Sa’id bin Zaid
“Wahai Allah jika Engkau mengharamkanku dari agama yang lurus ini, janganlah
anakku Sa’id diharamkan pula daripadanya.” (Do’a Zaid
untuk anaknya, Sa’id).
Zaid bin Amr bin Nufail berdiri di tengah-tengah orang
banyak yang berdesak-desakan menyaksikan kaum Qurays berpesta merayakan salah
satu hari besar mereka. Kaum pria memakai serban sundusi yang mahal, yang
kelihatan seperti kerudung Yaman yang lebih mahal. Kaum wanita dan anak-anak
berpakaian bagus warna menyala dan mengenakan perhiasan indah-indah.

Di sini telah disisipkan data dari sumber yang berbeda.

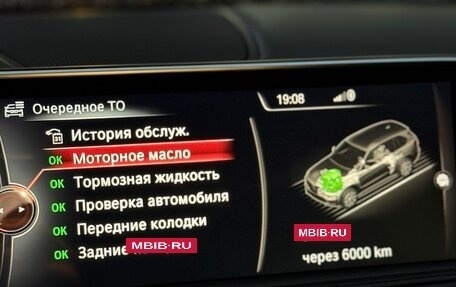 BMW X5, 2016 год, 4 300 000 рублей, 3 фотография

Hewan-hewan ternak pun dipakaikan bermacam-macam perhiasan dan ditarik
orang-orang untuk disembelih di hadapan patung-patung yang mereka sembah.
Zaid bersandar ke dinding Kakbah seraya berkata, “Hai kaum
Qurays! hewan itu diciptakan Allah. Dialah yang menurunkan hujan dari langit supaya hewan-hewan itu minum
sepuas-puasnya. Dialah yang menumbuhkan rumput-rumputan supaya hewan – hewan
itu makan sekenyang-kenyangnya. Kemudian, kalian sembelih hewan-hewan itu tanpa
menyebut nama Allah. Sungguh bodoh dan sesat kalian.”
Al-Khattab, ayah Umar bin
Khottob, berdiri menghampiri Zaid, lalu ditamparnya Zaid. Kata Al-Khattab,
“Kurang ajar kau! kami sudah sering mendengar kata-katamu yang kotor itu, namun
kami biarkan saja. Kini kesabaran kami sudah habis!” Kemudian, dihasutnya
orang-orang bodoh supaya menyakiti Zaid. Zaid benar-benar disakiti mereka
dengan sungguh-sungguh sehingga dia terpaksa menyingkir dari kota Mekah ke
Bukit Hira.
Al-Khattab menyerahkan urusan
Zaid kepada sekelompok pemuda Qurasy untuk menghalang-halanginya masuk kota.
Karena itu, Zaid terpaksa pulang dengan sembunyi-sembunyi.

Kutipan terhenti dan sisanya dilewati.